**Assigned task:**
What is needed is an exact copy of the lines in the listing below, from the one with "Elf Dewy Coconut Mist Set - 2.7 FZ - Image 3" up to and including the one with "QA (Automation tester)", with no other lines.

**Available data:**

::::::::

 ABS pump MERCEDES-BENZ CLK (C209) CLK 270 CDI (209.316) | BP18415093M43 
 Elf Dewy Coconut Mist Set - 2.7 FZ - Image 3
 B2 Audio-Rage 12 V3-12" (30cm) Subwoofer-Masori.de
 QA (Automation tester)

::::::::

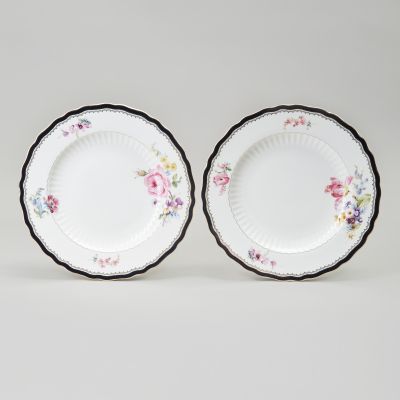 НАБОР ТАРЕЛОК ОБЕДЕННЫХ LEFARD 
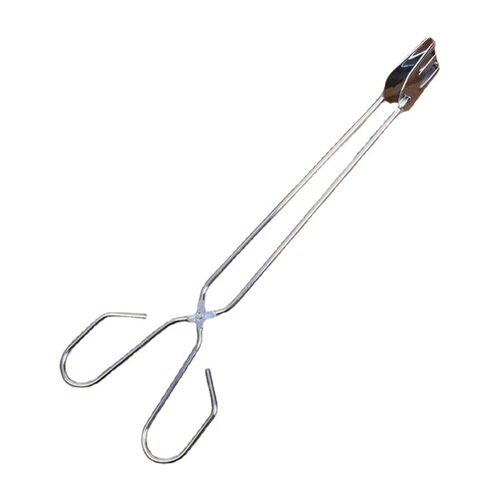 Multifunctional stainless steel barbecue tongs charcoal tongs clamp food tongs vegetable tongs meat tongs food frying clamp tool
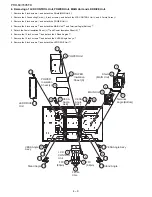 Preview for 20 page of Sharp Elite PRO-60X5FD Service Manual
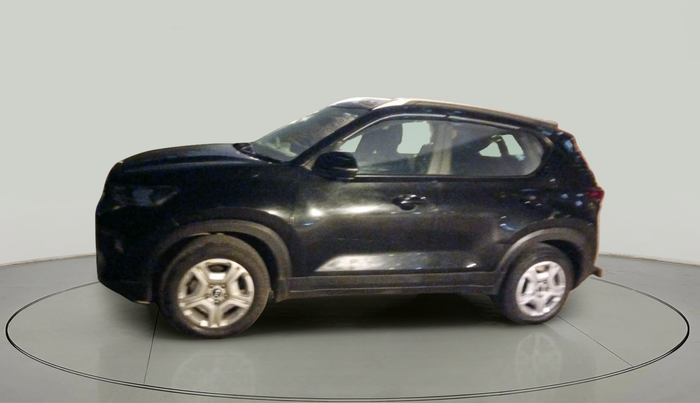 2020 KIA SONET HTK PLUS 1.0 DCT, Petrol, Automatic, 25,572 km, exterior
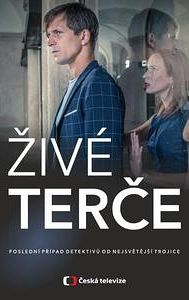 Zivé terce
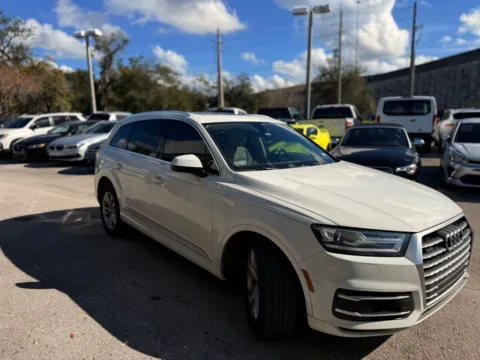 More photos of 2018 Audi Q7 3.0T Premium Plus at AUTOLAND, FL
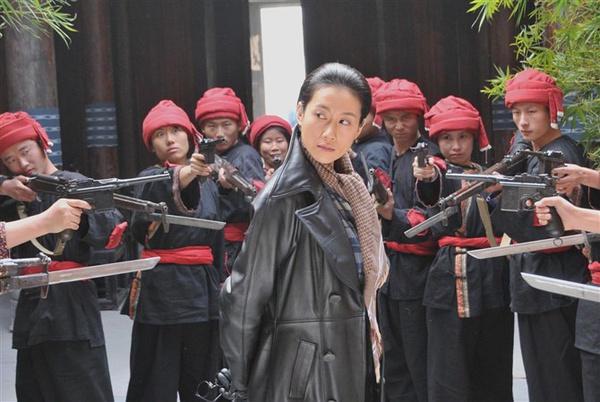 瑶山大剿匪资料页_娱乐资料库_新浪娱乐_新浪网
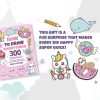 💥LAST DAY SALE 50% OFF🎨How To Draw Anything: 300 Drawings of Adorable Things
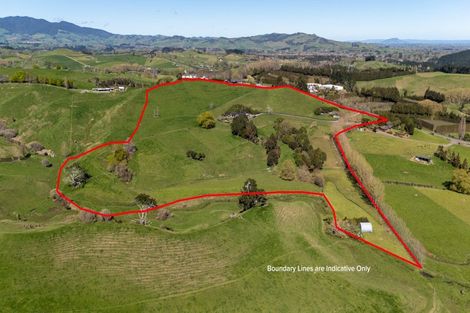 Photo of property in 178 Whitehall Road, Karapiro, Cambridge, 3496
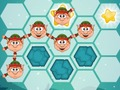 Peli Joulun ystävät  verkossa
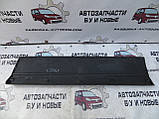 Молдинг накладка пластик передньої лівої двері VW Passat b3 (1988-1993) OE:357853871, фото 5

::::::::

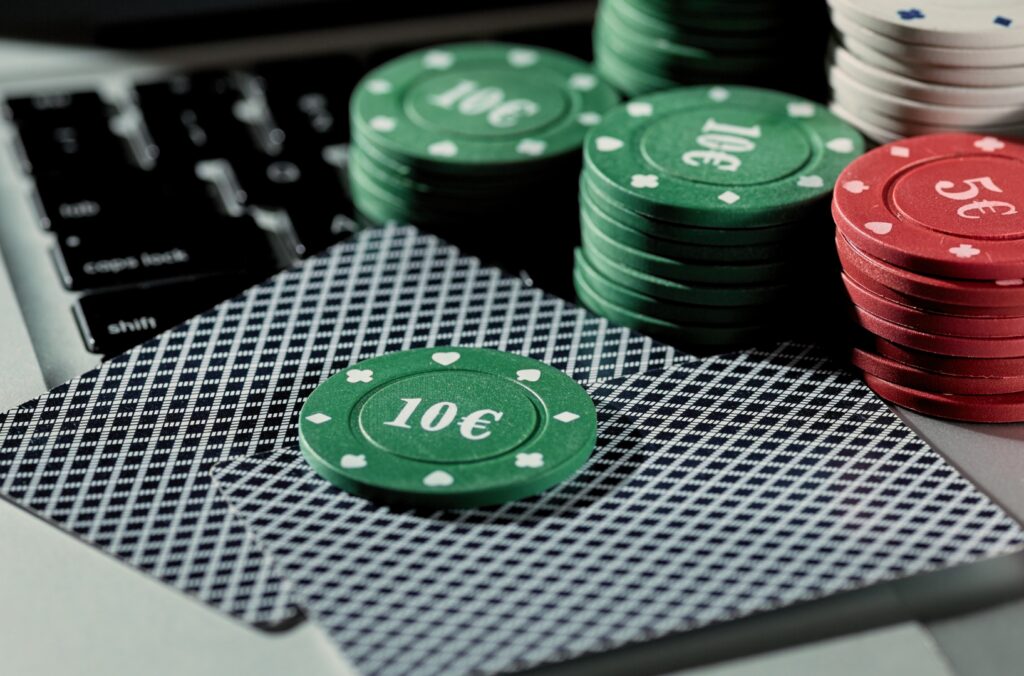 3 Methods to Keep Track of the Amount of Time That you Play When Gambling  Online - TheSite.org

::::::::

**Answer below:**
 Elf Dewy Coconut Mist Set - 2.7 FZ - Image 3
 B2 Audio-Rage 12 V3-12" (30cm) Subwoofer-Masori.de
 QA (Automation tester)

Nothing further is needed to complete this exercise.